I have got a customer that's got massive volumes of information, lot of diversity in the information, many different lines of business constituents who are accessing the information, data scientists, DBAs, programmers, different people who are creating applications and keeping the system up and through all that change in the organization.

Sometimes it's not only change in the organization, but potentially change in the industry and changing the way that people are interacting with data and may be changing healthcare outcomes, or drastically improving the quality of mobile phone service or other types of services.
It is about the connection between our customers and our partners, so that they can talk to each other.

So there isn't any one customer of whom I'd say, "You have to go see these guys." The reality is that you should see all of our customers and hear what they have to say. For me, that's the most important part of this conference.

It is about the connection between our customers and our partners, so that they can talk to each other. We can just be a fly on the wall and listen to some of the things that they're saying, good, bad, or ugly -- hopefully very good. But we can even hear things that they want us to improve. That's an important part of any company, certainly a software company, and that's what we're hoping to get out of it. For our customers and partners, they're going to get a lot of out of this just by talking to each other.

Gardner: Colin, what about the notion of business transformation. We've been hearing about this for 30 years. It's been big part of the academic work in business schools. Process re-engineering has evolved into balanced scorecards, and the flavor of the day is about how to change the nature of companies.

But it strikes me that this whole greater than the sum of the parts that you alluded to earlier, where data and analytics is made more available across easier applications to morph that, is inside the company that can then access more types of information across the boundaries of the organization into supply chain and ecosystems.

Getting more detailed information in real time about the customers and the marketplace probably has as much or more of a opportunity to transform businesses than just about anything else that's happened, with the possible exception of the Internet itself, over the past 20 years.

More than technology

So without going too much into a hype curve, the interest of the incredible amount of attention paid to big data in the past few years is about more than the technology. It's really about an empirical data-driven approach, a cultural shift if you will, within businesses. How you have been seeing that manifest itself here at the conference?

Mahony: It's an enormous opportunity for business transformation and definitely the  whole is greater than the sum of the parts. What makes companies really successful with information is not trying to boil the ocean, not trying to do a traditional enterprise data warehouse project that's going to take 24 months, if you're lucky, 36 most likely.

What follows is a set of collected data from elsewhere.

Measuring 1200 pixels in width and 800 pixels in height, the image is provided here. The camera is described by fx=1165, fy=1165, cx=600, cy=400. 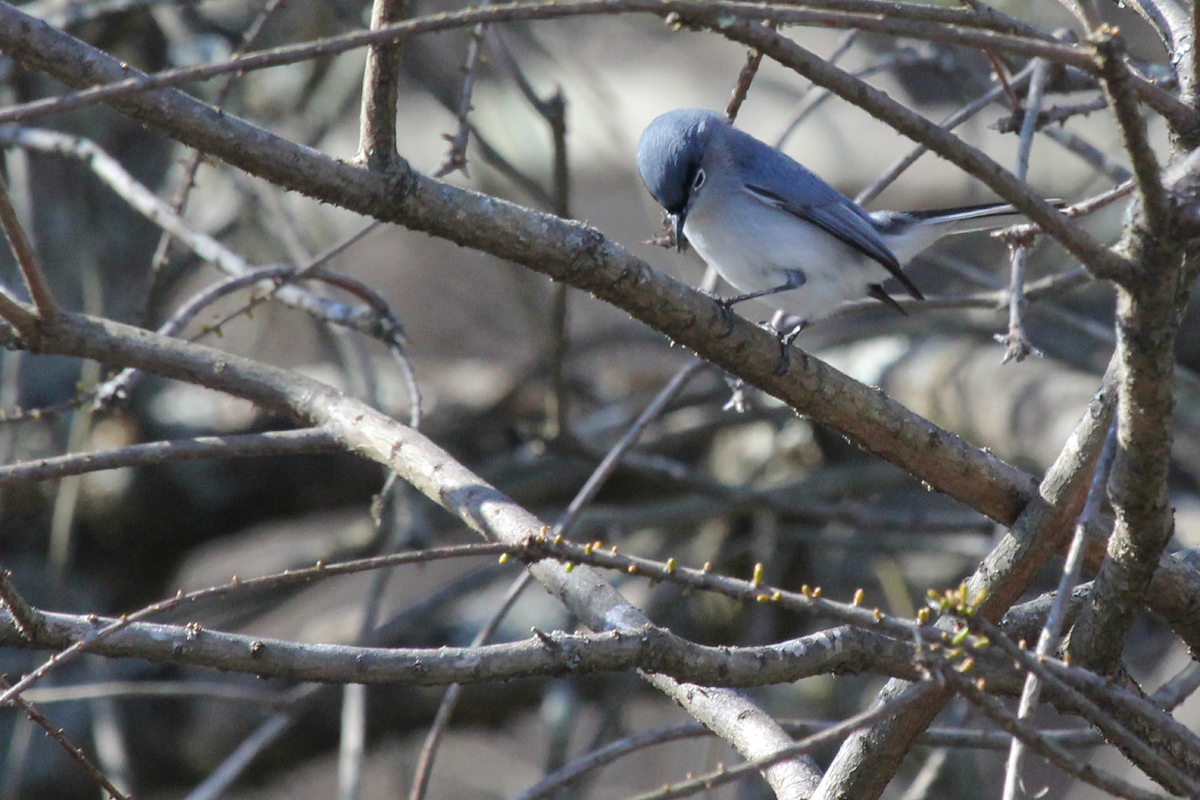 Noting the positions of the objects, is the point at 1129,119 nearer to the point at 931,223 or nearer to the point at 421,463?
the point at 421,463

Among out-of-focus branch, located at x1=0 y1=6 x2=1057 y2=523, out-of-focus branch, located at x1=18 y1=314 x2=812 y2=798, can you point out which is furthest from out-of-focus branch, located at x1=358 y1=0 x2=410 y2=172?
out-of-focus branch, located at x1=18 y1=314 x2=812 y2=798

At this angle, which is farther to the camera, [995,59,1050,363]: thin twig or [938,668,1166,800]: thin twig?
[995,59,1050,363]: thin twig

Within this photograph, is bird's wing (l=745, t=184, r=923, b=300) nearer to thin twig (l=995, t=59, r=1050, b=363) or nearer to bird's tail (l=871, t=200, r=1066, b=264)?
bird's tail (l=871, t=200, r=1066, b=264)

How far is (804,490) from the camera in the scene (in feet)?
13.4

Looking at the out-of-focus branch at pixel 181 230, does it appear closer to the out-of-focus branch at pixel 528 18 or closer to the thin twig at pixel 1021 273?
the thin twig at pixel 1021 273

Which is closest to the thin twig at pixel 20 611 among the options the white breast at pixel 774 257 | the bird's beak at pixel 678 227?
the bird's beak at pixel 678 227

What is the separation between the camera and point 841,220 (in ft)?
9.84

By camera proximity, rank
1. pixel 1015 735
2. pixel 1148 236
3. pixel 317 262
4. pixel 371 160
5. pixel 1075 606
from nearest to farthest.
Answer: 1. pixel 1015 735
2. pixel 1148 236
3. pixel 371 160
4. pixel 1075 606
5. pixel 317 262

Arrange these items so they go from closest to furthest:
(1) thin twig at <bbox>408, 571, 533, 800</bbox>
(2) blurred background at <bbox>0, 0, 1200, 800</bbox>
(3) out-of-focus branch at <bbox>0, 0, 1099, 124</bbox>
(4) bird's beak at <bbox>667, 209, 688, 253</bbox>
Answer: (3) out-of-focus branch at <bbox>0, 0, 1099, 124</bbox>, (1) thin twig at <bbox>408, 571, 533, 800</bbox>, (4) bird's beak at <bbox>667, 209, 688, 253</bbox>, (2) blurred background at <bbox>0, 0, 1200, 800</bbox>

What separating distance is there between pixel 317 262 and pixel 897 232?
157 centimetres

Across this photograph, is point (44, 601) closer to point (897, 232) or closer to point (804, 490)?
point (804, 490)

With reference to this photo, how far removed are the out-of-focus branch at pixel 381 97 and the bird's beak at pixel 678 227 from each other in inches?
40.7

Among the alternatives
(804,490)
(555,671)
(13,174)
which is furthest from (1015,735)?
(13,174)

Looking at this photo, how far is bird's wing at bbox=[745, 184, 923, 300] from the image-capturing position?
292 centimetres
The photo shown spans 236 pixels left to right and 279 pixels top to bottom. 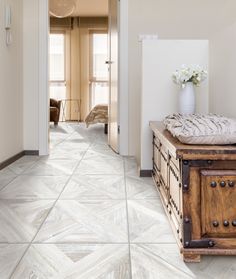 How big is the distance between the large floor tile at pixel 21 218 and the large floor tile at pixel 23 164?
1.03 meters

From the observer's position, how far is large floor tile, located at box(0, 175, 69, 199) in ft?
7.72

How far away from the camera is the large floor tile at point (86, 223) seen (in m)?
1.63

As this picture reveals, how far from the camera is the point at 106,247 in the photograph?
5.01ft

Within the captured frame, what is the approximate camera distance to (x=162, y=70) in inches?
113

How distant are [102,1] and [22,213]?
658cm

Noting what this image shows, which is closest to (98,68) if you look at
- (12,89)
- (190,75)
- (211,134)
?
(12,89)

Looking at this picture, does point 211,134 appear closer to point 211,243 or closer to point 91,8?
point 211,243

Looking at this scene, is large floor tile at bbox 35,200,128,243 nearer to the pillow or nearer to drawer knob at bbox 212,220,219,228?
drawer knob at bbox 212,220,219,228

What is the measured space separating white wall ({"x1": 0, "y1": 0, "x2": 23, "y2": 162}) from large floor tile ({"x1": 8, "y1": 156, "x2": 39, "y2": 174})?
0.37ft

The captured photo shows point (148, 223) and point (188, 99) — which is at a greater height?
point (188, 99)

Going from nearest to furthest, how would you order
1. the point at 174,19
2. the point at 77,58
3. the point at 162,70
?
the point at 162,70 < the point at 174,19 < the point at 77,58

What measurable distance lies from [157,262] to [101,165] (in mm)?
2137

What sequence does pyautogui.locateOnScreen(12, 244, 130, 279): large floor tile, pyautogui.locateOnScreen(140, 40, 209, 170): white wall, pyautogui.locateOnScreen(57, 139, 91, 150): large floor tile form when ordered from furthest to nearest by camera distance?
pyautogui.locateOnScreen(57, 139, 91, 150): large floor tile, pyautogui.locateOnScreen(140, 40, 209, 170): white wall, pyautogui.locateOnScreen(12, 244, 130, 279): large floor tile

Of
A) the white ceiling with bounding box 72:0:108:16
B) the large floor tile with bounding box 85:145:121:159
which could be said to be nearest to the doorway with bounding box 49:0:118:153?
Result: the white ceiling with bounding box 72:0:108:16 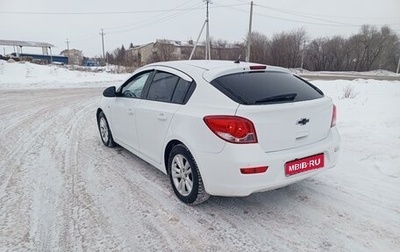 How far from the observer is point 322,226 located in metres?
2.63

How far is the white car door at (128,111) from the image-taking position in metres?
3.94

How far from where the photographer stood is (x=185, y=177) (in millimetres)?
3033

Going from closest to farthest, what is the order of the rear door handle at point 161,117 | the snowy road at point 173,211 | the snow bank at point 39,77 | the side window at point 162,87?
→ the snowy road at point 173,211 → the rear door handle at point 161,117 → the side window at point 162,87 → the snow bank at point 39,77

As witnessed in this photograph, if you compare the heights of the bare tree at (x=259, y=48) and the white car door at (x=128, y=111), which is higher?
the bare tree at (x=259, y=48)

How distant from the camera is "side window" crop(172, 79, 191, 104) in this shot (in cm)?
309

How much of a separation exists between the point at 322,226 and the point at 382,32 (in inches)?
2502

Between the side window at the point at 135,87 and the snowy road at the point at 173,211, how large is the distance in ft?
3.54

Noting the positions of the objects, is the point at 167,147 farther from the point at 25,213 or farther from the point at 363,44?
the point at 363,44

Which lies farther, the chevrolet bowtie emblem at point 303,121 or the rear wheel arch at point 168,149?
the rear wheel arch at point 168,149

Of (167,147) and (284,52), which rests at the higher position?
(284,52)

They’ll end up with some monolithic inflexible platform that will probably be outdated by the time it gets deployed. What is making a lot of companies successful is they find a particular use, they find a problem area that they want to drill down on, and they mobilize to do it.

For that, they need a solution that is quickly deployed, but also has that capability to become something much larger. Whether it's Vertica, Talend, or any of the other portfolios that we offer, we strive to make sure that somebody can get up and running quickly, whether it's Autonomy and human information analytics, Vertica and machine data or other types of transactional structured data.

The most important thing is that you find that business case, you focus on it, and prove very quickly. There's something we refer to as “Time to Terabyte,” which is less than a month, typically for Vertica. You get a return on investment (ROI) in less than a month for the investments that you made. If you prove that out, then everybody in the organization is happy, the line of business, the technology folks in IT, even the statisticians, data scientists.
It's not just about faster speeds and feeds. It's about fundamentally stepping back and asking how we're running this business.

From there, you start expanding the project, and that's exactly how we win most of our customers. We very rarely go in and say, "Buy an enterprise license for our product across the company." We certainly do those, but more typically we get into a business unit, we find the acute pain, and we solve that problem.

What they're betting on is the ability for us to expand and for them to expand in this platform. That's why we are, on the one hand, all about the platform and the integration, but on the other hand, not about to lose the flexibility and the modularity of what we do, because that's also a huge differentiator for HP's portfolio.

I think that this is a wonderful time in the world of business transformation, and I think, unlike what has been talked about for the last 30 years, you now have the data that can back it up and prove it in real-time to the organization.

That's the big difference. You gave the balanced scorecard as an example. If you look at the balance scorecard methodology, you can take that methodology and drill down into a thousand fields of detail and be able to get that information in real time. That's the opportunity here, and that's I think why this market is so huge.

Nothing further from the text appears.